# [Your objective]
Retype the entries below word for word, leaving none out.

++++ Records for the task ++++

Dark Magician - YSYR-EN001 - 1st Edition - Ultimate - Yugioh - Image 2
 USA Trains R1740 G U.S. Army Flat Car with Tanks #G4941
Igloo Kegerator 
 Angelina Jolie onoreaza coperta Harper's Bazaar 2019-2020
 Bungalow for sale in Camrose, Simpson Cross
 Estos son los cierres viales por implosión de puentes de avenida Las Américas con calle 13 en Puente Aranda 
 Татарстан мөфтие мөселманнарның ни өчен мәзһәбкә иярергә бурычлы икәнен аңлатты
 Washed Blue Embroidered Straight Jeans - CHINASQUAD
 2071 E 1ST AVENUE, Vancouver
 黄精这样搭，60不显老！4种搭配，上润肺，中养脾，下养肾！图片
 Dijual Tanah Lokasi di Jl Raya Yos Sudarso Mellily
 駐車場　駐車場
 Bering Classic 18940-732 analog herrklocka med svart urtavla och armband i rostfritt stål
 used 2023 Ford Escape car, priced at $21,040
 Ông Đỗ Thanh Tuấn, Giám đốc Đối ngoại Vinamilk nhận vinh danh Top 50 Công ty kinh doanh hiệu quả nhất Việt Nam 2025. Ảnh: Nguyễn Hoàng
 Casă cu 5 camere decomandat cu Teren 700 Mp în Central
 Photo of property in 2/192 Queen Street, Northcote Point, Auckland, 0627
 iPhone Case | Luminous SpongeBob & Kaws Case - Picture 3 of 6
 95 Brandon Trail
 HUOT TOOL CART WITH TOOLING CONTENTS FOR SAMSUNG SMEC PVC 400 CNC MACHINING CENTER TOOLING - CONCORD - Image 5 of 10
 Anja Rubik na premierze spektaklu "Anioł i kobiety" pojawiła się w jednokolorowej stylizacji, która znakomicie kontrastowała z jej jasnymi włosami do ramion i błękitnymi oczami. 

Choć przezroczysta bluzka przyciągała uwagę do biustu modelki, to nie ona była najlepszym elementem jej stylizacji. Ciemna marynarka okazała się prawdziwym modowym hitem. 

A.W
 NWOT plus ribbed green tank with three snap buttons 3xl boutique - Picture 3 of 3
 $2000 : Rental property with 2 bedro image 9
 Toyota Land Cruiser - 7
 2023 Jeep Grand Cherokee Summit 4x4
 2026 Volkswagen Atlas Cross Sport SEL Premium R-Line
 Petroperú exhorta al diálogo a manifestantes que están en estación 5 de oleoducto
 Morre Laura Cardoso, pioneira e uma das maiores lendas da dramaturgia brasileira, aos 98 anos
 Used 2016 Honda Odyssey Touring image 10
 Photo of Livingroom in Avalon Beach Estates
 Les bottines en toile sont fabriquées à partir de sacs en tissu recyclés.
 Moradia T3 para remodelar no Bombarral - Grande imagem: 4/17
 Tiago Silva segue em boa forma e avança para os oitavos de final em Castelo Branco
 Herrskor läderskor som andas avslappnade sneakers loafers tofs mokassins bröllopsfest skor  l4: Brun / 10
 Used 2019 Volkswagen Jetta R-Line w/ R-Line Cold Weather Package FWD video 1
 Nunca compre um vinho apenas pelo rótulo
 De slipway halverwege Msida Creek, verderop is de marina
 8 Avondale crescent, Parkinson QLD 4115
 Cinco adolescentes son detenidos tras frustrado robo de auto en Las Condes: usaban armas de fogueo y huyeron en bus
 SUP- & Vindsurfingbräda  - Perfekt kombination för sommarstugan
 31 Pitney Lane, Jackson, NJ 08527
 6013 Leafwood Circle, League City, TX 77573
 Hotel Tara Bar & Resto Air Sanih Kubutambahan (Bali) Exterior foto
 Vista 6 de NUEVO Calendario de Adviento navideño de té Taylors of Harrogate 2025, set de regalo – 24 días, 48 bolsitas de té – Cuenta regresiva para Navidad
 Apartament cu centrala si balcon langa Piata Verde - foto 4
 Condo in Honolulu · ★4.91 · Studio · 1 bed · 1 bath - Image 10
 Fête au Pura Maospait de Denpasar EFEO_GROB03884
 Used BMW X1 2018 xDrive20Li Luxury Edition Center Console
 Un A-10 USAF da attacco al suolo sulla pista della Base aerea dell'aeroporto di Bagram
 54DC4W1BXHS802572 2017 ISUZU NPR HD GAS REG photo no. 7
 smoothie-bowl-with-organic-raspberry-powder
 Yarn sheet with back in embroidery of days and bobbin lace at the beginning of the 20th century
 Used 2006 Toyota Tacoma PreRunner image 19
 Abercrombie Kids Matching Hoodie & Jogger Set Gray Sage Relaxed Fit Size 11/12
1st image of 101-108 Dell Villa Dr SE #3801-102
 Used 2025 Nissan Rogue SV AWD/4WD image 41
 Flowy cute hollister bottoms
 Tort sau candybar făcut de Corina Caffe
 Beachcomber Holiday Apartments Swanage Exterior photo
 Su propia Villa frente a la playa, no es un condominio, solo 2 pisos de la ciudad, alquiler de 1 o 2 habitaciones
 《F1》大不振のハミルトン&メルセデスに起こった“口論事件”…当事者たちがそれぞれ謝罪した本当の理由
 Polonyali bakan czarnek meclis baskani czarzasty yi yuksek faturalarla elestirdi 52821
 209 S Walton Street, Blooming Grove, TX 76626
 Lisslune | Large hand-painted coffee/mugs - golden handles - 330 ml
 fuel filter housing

++++

# [Exercise response]
Dark Magician - YSYR-EN001 - 1st Edition - Ultimate - Yugioh - Image 2
 USA Trains R1740 G U.S. Army Flat Car with Tanks #G4941
Igloo Kegerator 
 Angelina Jolie onoreaza coperta Harper's Bazaar 2019-2020
 Bungalow for sale in Camrose, Simpson Cross
 Estos son los cierres viales por implosión de puentes de avenida Las Américas con calle 13 en Puente Aranda 
 Татарстан мөфтие мөселманнарның ни өчен мәзһәбкә иярергә бурычлы икәнен аңлатты
 Washed Blue Embroidered Straight Jeans - CHINASQUAD
 2071 E 1ST AVENUE, Vancouver
 黄精这样搭，60不显老！4种搭配，上润肺，中养脾，下养肾！图片
 Dijual Tanah Lokasi di Jl Raya Yos Sudarso Mellily
 駐車場　駐車場
 Bering Classic 18940-732 analog herrklocka med svart urtavla och armband i rostfritt stål
 used 2023 Ford Escape car, priced at $21,040
 Ông Đỗ Thanh Tuấn, Giám đốc Đối ngoại Vinamilk nhận vinh danh Top 50 Công ty kinh doanh hiệu quả nhất Việt Nam 2025. Ảnh: Nguyễn Hoàng
 Casă cu 5 camere decomandat cu Teren 700 Mp în Central
 Photo of property in 2/192 Queen Street, Northcote Point, Auckland, 0627
 iPhone Case | Luminous SpongeBob & Kaws Case - Picture 3 of 6
 95 Brandon Trail
 HUOT TOOL CART WITH TOOLING CONTENTS FOR SAMSUNG SMEC PVC 400 CNC MACHINING CENTER TOOLING - CONCORD - Image 5 of 10
 Anja Rubik na premierze spektaklu "Anioł i kobiety" pojawiła się w jednokolorowej stylizacji, która znakomicie kontrastowała z jej jasnymi włosami do ramion i błękitnymi oczami. 

Choć przezroczysta bluzka przyciągała uwagę do biustu modelki, to nie ona była najlepszym elementem jej stylizacji. Ciemna marynarka okazała się prawdziwym modowym hitem. 

A.W
 NWOT plus ribbed green tank with three snap buttons 3xl boutique - Picture 3 of 3
 $2000 : Rental property with 2 bedro image 9
 Toyota Land Cruiser - 7
 2023 Jeep Grand Cherokee Summit 4x4
 2026 Volkswagen Atlas Cross Sport SEL Premium R-Line
 Petroperú exhorta al diálogo a manifestantes que están en estación 5 de oleoducto
 Morre Laura Cardoso, pioneira e uma das maiores lendas da dramaturgia brasileira, aos 98 anos
 Used 2016 Honda Odyssey Touring image 10
 Photo of Livingroom in Avalon Beach Estates
 Les bottines en toile sont fabriquées à partir de sacs en tissu recyclés.
 Moradia T3 para remodelar no Bombarral - Grande imagem: 4/17
 Tiago Silva segue em boa forma e avança para os oitavos de final em Castelo Branco
 Herrskor läderskor som andas avslappnade sneakers loafers tofs mokassins bröllopsfest skor  l4: Brun / 10
 Used 2019 Volkswagen Jetta R-Line w/ R-Line Cold Weather Package FWD video 1
 Nunca compre um vinho apenas pelo rótulo
 De slipway halverwege Msida Creek, verderop is de marina
 8 Avondale crescent, Parkinson QLD 4115
 Cinco adolescentes son detenidos tras frustrado robo de auto en Las Condes: usaban armas de fogueo y huyeron en bus
 SUP- & Vindsurfingbräda  - Perfekt kombination för sommarstugan
 31 Pitney Lane, Jackson, NJ 08527
 6013 Leafwood Circle, League City, TX 77573
 Hotel Tara Bar & Resto Air Sanih Kubutambahan (Bali) Exterior foto
 Vista 6 de NUEVO Calendario de Adviento navideño de té Taylors of Harrogate 2025, set de regalo – 24 días, 48 bolsitas de té – Cuenta regresiva para Navidad
 Apartament cu centrala si balcon langa Piata Verde - foto 4
 Condo in Honolulu · ★4.91 · Studio · 1 bed · 1 bath - Image 10
 Fête au Pura Maospait de Denpasar EFEO_GROB03884
 Used BMW X1 2018 xDrive20Li Luxury Edition Center Console
 Un A-10 USAF da attacco al suolo sulla pista della Base aerea dell'aeroporto di Bagram
 54DC4W1BXHS802572 2017 ISUZU NPR HD GAS REG photo no. 7
 smoothie-bowl-with-organic-raspberry-powder
 Yarn sheet with back in embroidery of days and bobbin lace at the beginning of the 20th century
 Used 2006 Toyota Tacoma PreRunner image 19
 Abercrombie Kids Matching Hoodie & Jogger Set Gray Sage Relaxed Fit Size 11/12
1st image of 101-108 Dell Villa Dr SE #3801-102
 Used 2025 Nissan Rogue SV AWD/4WD image 41
 Flowy cute hollister bottoms
 Tort sau candybar făcut de Corina Caffe
 Beachcomber Holiday Apartments Swanage Exterior photo
 Su propia Villa frente a la playa, no es un condominio, solo 2 pisos de la ciudad, alquiler de 1 o 2 habitaciones
 《F1》大不振のハミルトン&メルセデスに起こった“口論事件”…当事者たちがそれぞれ謝罪した本当の理由
 Polonyali bakan czarnek meclis baskani czarzasty yi yuksek faturalarla elestirdi 52821
 209 S Walton Street, Blooming Grove, TX 76626
 Lisslune | Large hand-painted coffee/mugs - golden handles - 330 ml
 fuel filter housing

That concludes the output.